Provided data —

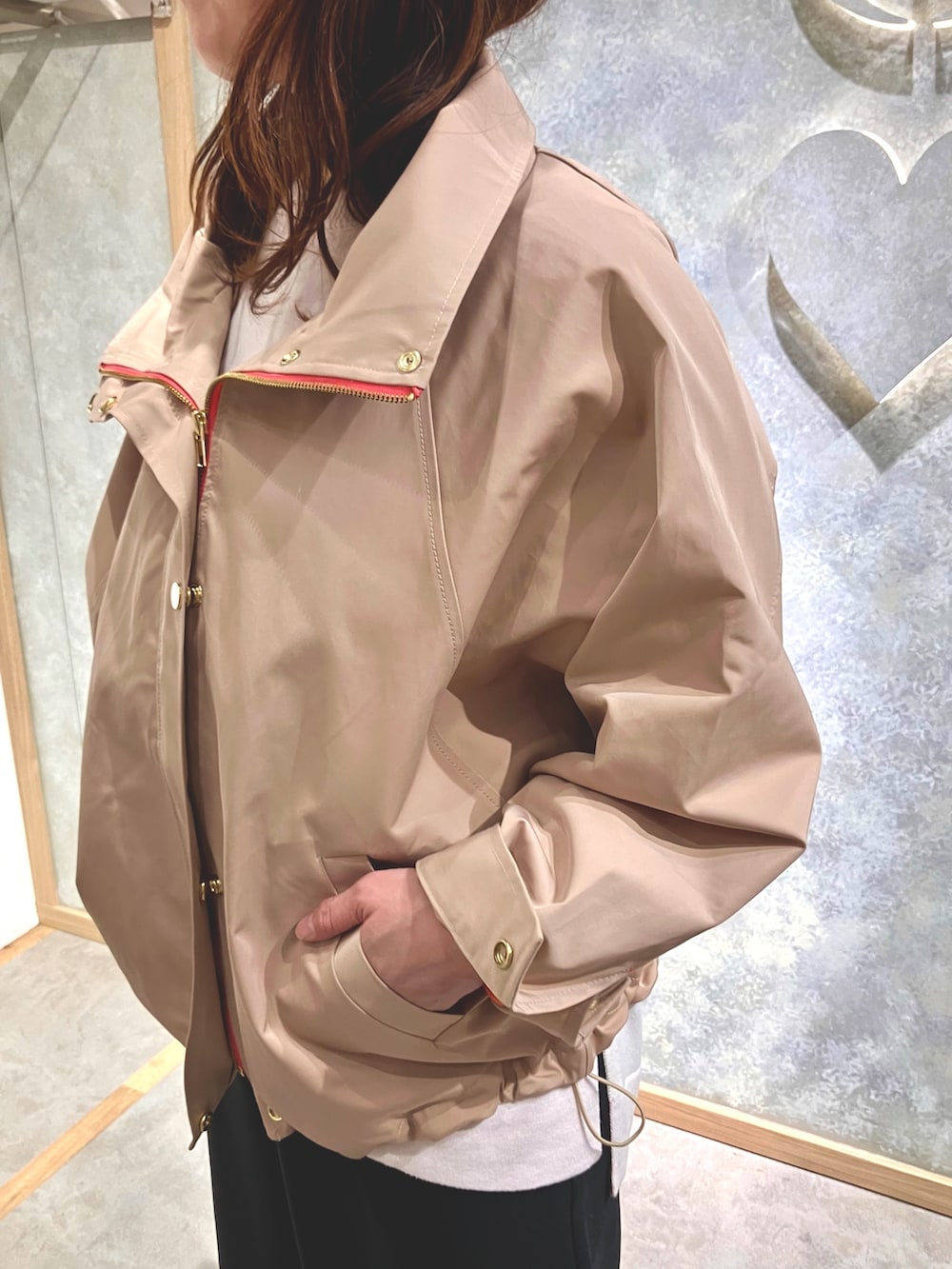 ブラック系のその他パンツ、ベージュ系のマウンテンパーカー、ホワイト系のニット/セーターを着用したレディースの冬コーディネートの5枚目の写真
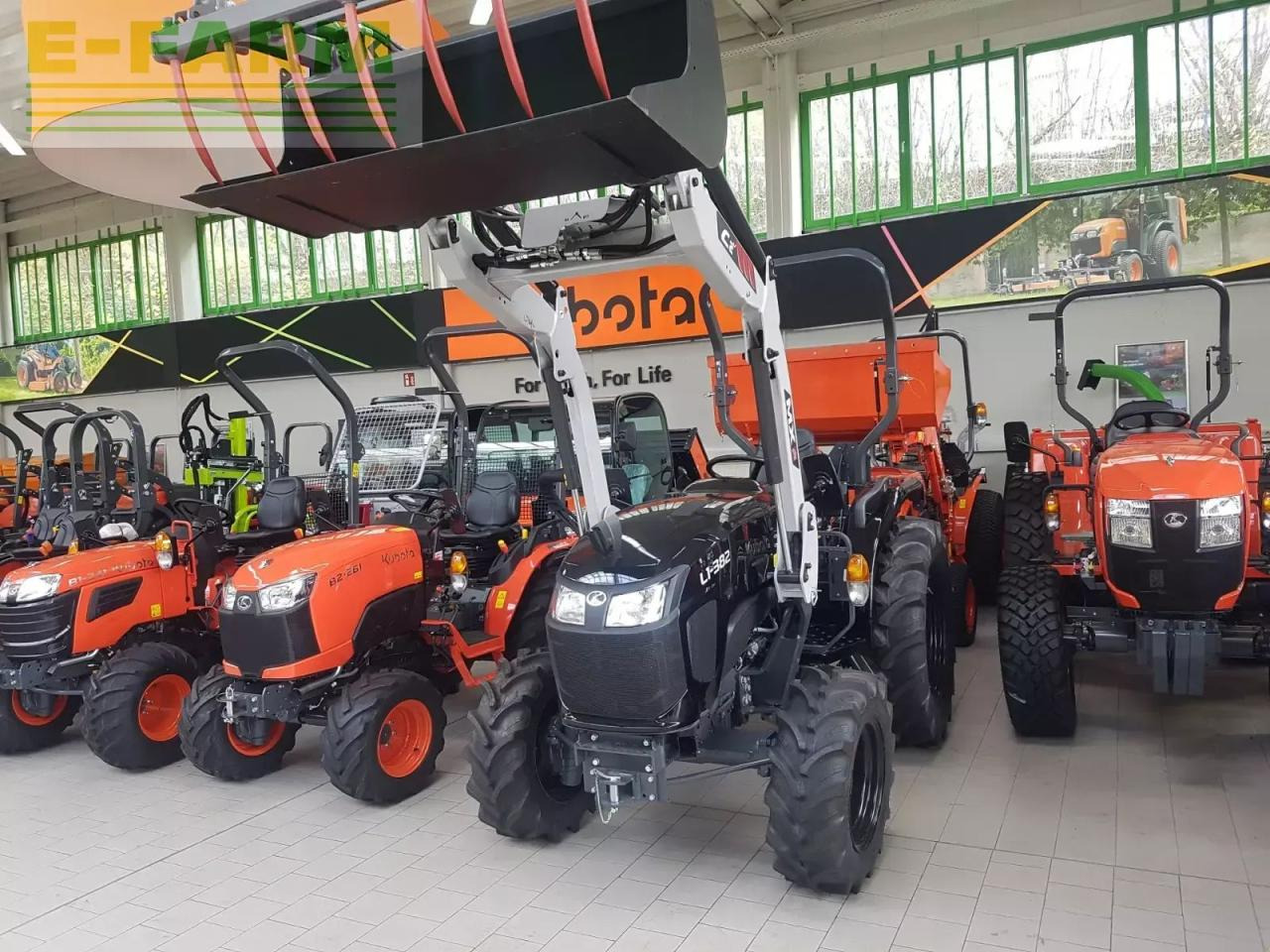 Traktor Kubota l1-382 hydrostat-sonderfarbe: das Bild 14 Traktor Kubota l1-382 hydrostat-sonderfarbe: das Bild 14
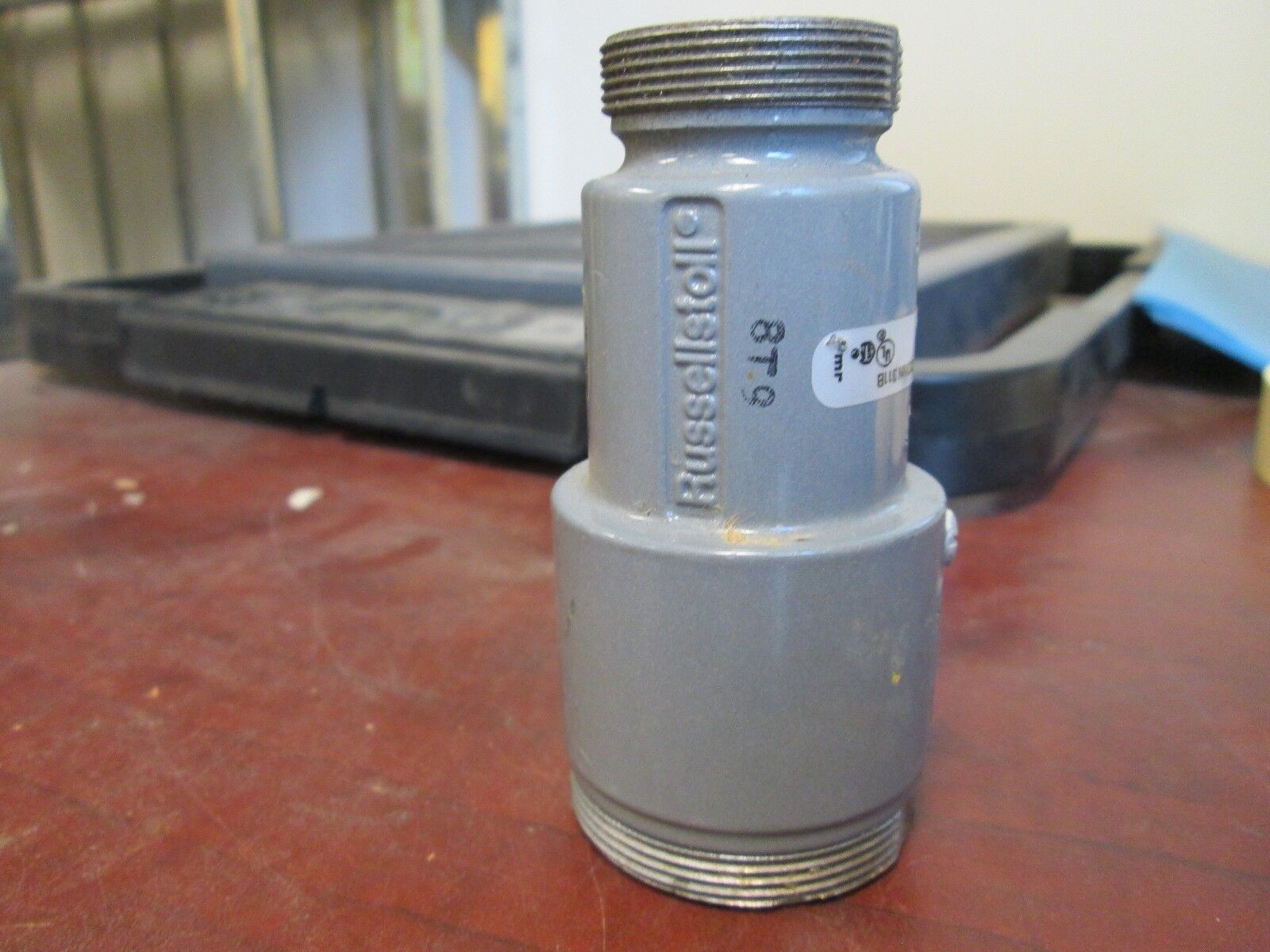 Russellstoll Connector 3913U-2 15A 250V Open End Used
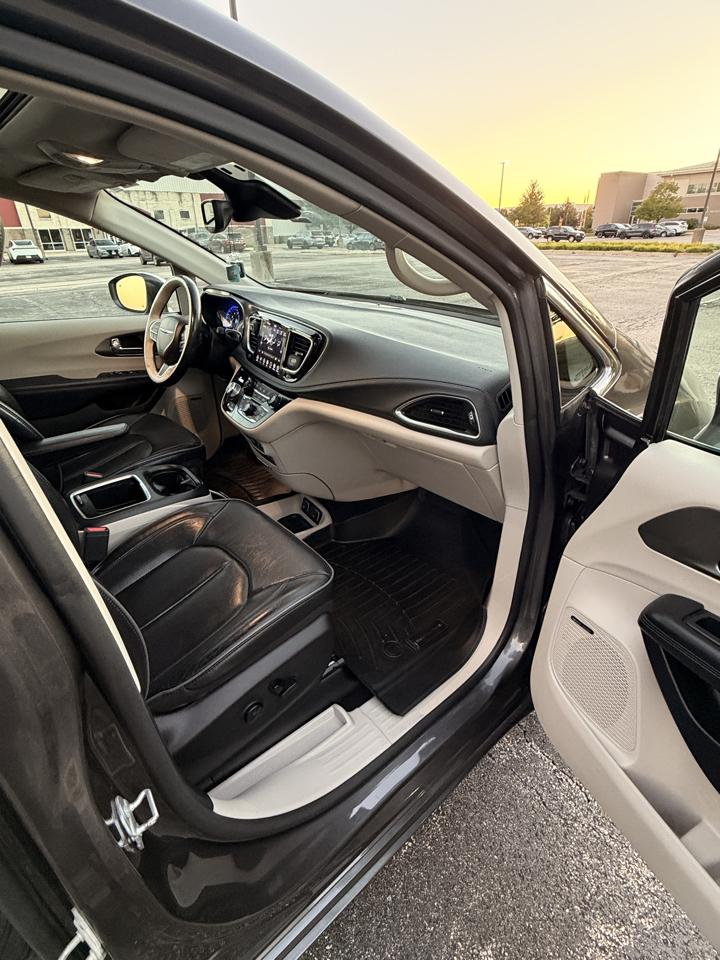 Chrysler Pacifica Limited 2019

Task instructions — Reproduce all of the material exactly, apart from the pictures.

Answer to this task —
 ブラック系のその他パンツ、ベージュ系のマウンテンパーカー、ホワイト系のニット/セーターを着用したレディースの冬コーディネートの5枚目の写真
 Traktor Kubota l1-382 hydrostat-sonderfarbe: das Bild 14 Traktor Kubota l1-382 hydrostat-sonderfarbe: das Bild 14
 Russellstoll Connector 3913U-2 15A 250V Open End Used
 Chrysler Pacifica Limited 2019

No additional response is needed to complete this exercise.